Un homme est soupçonné d’être l’organisateur de ce que l’on appelle le « Pacte de Pinga » : Peter Cirimwami Nkuba, le nouveau gouverneur du Nord-Kivu. Depuis sa prise de fonction, le 29 septembre, le général-major se montre très vindicatif à l’encontre du M23. Le 23 septembre, il a reçu la coalition des groupes armés à Mubambiro, officiellement pour les sensibiliser au Programme de désarmement, démobilisation, réinsertion communautaire et stabilisation (P-DDRCS).

« Nous sommes prêts à déposer les armes sur ordre du chef de l’État. Il est temps de chercher la paix ici chez nous. Si les M23 sont réellement des Congolais, qu’ils déposent les armes et qu’ils entrent dans le processus », a notamment déclaré Guidon Shimiray Mwissa. Une semaine plus tard, les combats reprenaient.

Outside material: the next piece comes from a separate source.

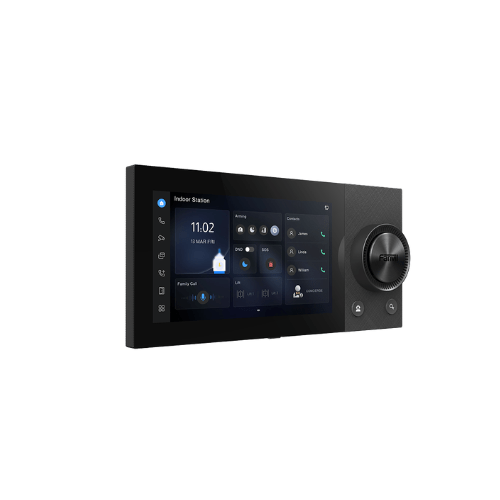 Fanvil i564W SIP Indoor Station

Dans leur dernier rapport paru en juin, le groupe d’experts des Nations unies sur la RDC écrivait que « la participation des groupes armés avait été organisée, coordonnée et soutenue par des officiers supérieurs des FARDC ».

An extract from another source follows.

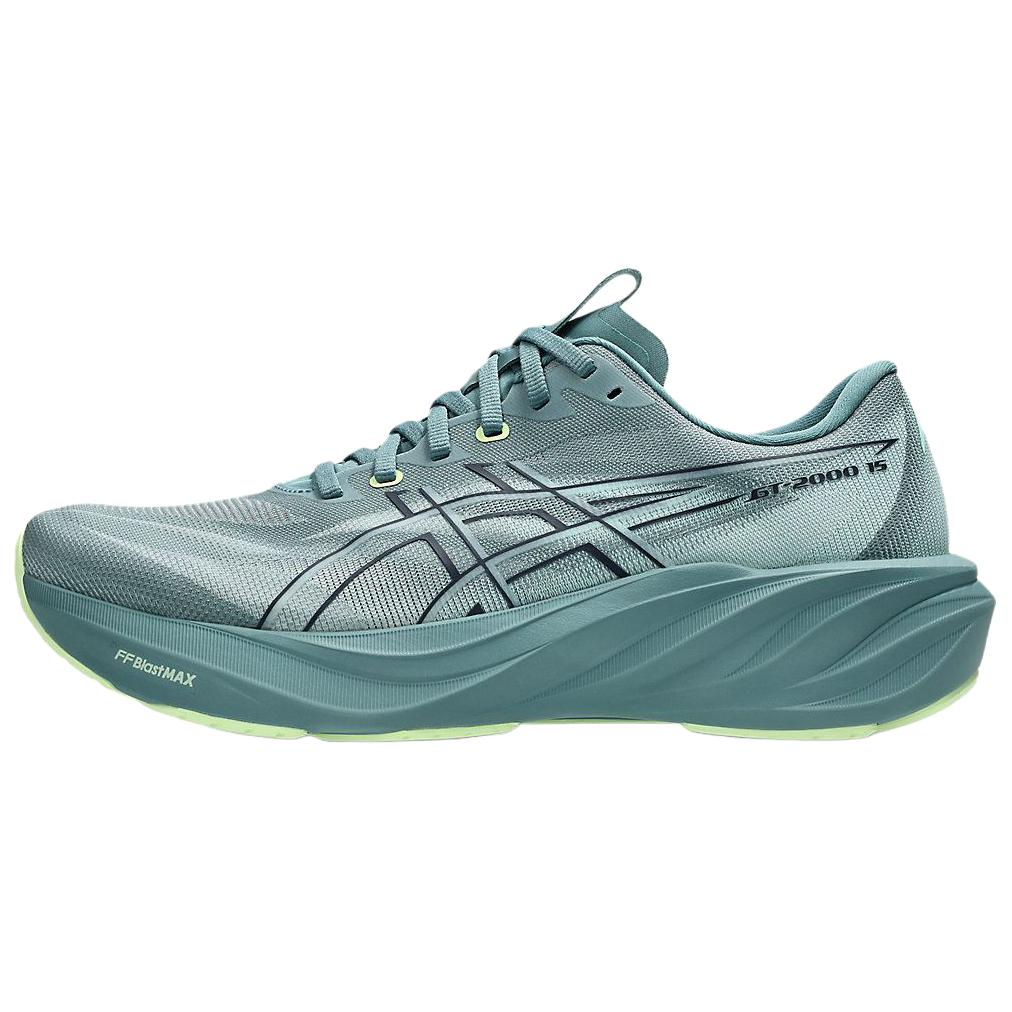 ASICS GT 2000 15 Skriešanas apavi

Ce regain de tension intervient alors qu’a pris fin, le 24 septembre, un ultimatum lancé par les FARDC intimant le groupe rebelle de libérer les zones occupées. Quelques jours plus tard, le porte-parole du gouverneur du Nord-Kivu avait accusé le M23 d’avoir pris le contrôle de plusieurs localités.

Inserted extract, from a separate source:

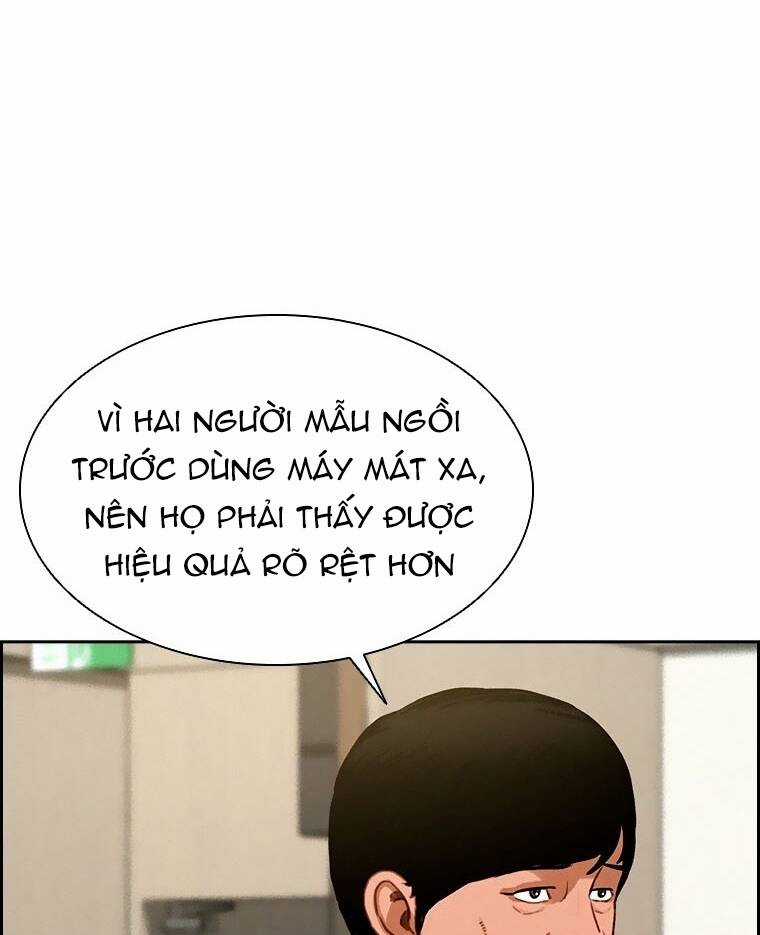 Chúa Tể Đồng Tiền - Chapter 89 - Trang 37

« Le M23 a réoccupé certaines positions en réponse à la pression des milices d’auto-défense Wazalendo et de celles de l’APCLS dans le Masisi. Une négociation a permis de leur faire quitter leurs positions de Kibumba », nous avait alors déclaré une source militaire congolaise. Kibumba est souvent considéré comme l’un des derniers verrous avant Goma.